TASK STATEMENT :: Write out the following listing's lines from the one with "İmmu-Nat Immunat Xp" to the one with "Metal Shell with", exactly, with both included and no others.
----
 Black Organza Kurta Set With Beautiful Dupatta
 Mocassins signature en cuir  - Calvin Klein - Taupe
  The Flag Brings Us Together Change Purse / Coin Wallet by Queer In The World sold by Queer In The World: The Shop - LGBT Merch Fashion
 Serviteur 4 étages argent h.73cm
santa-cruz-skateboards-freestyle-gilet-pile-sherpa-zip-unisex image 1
----
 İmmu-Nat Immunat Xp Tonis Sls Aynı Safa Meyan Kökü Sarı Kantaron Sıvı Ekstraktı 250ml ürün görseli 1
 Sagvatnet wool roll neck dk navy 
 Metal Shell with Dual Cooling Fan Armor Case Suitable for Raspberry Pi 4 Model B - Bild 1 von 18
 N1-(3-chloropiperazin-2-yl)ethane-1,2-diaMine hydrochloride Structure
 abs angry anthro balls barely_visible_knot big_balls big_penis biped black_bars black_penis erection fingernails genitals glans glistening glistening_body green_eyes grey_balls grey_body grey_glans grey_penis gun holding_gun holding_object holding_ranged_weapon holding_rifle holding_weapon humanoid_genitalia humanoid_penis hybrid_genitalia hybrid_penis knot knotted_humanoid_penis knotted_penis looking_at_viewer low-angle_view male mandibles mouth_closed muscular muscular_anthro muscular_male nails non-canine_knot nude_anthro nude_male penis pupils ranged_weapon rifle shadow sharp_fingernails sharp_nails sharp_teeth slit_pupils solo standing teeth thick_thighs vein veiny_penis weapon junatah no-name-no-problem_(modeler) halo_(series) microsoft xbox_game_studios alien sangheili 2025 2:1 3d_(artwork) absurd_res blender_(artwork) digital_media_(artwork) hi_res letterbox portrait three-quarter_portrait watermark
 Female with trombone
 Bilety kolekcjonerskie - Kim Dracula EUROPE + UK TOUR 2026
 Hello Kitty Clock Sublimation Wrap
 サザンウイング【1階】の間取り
----
EXERCISE ANSWER ::
 İmmu-Nat Immunat Xp Tonis Sls Aynı Safa Meyan Kökü Sarı Kantaron Sıvı Ekstraktı 250ml ürün görseli 1
 Sagvatnet wool roll neck dk navy 
 Metal Shell with Dual Cooling Fan Armor Case Suitable for Raspberry Pi 4 Model B - Bild 1 von 18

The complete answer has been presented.